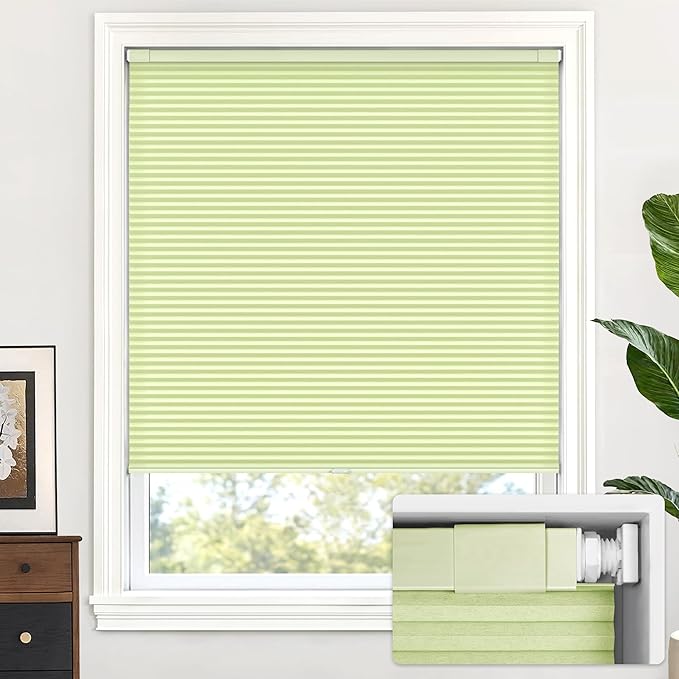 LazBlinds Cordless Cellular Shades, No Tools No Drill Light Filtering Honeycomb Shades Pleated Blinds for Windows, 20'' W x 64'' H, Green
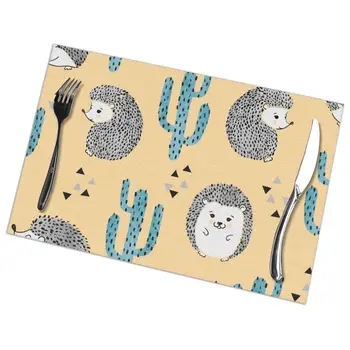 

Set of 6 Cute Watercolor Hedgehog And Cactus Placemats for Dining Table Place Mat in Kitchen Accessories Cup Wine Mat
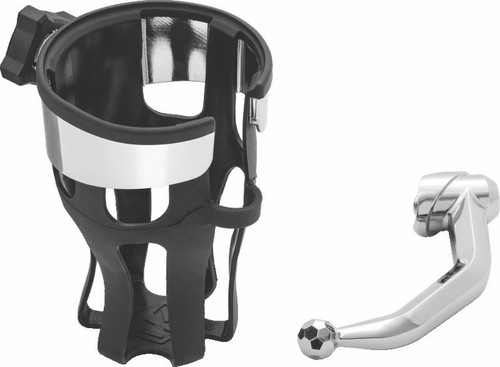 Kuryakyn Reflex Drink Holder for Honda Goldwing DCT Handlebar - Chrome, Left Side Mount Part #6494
-------------------------
● **Problem to solve**:
The full data, repeated exactly and stripped of its pictures, is the expected answer.

● **Written response**:
 LazBlinds Cordless Cellular Shades, No Tools No Drill Light Filtering Honeycomb Shades Pleated Blinds for Windows, 20'' W x 64'' H, Green

Set of 6 Cute Watercolor Hedgehog And Cactus Placemats for Dining Table Place Mat in Kitchen Accessories Cup Wine Mat
 Kuryakyn Reflex Drink Holder for Honda Goldwing DCT Handlebar - Chrome, Left Side Mount Part #6494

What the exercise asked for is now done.